→ **Entries provided**:
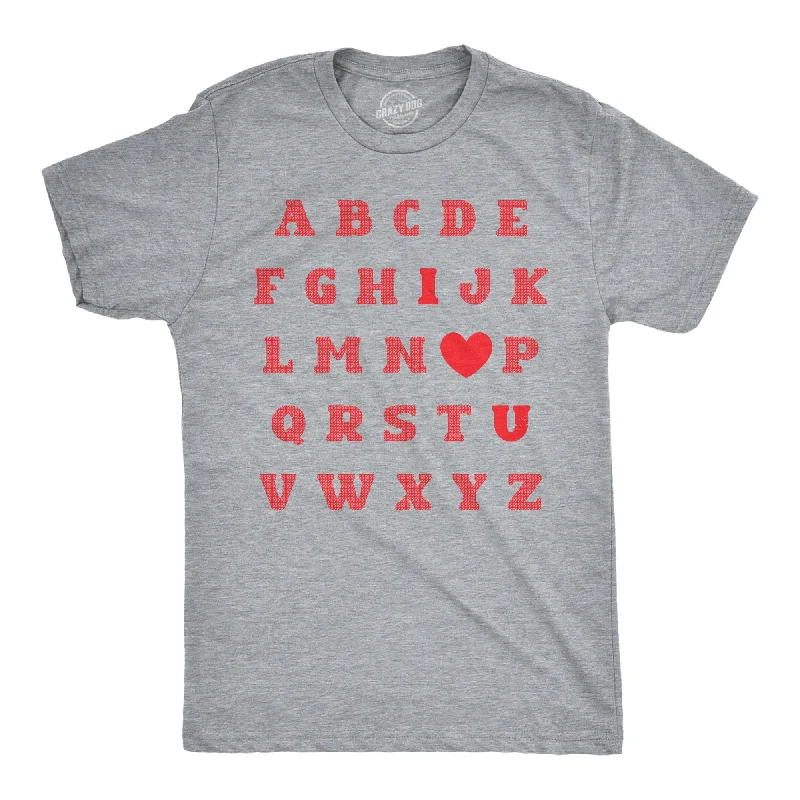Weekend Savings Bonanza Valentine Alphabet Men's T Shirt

---

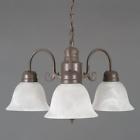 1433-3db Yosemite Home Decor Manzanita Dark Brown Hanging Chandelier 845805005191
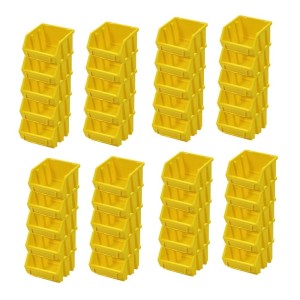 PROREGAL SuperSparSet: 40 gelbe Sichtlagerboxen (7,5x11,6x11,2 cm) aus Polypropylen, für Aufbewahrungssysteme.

→ **What is required**:
Starting at the line above that contains "1433-3db Yosemite Home", transcribe every line exactly through the line that contains "PROREGAL SuperSparSet: 40", including that last one, and skip the pictures.

→ **Output of the exercise**:
 1433-3db Yosemite Home Decor Manzanita Dark Brown Hanging Chandelier 845805005191
 PROREGAL SuperSparSet: 40 gelbe Sichtlagerboxen (7,5x11,6x11,2 cm) aus Polypropylen, für Aufbewahrungssysteme.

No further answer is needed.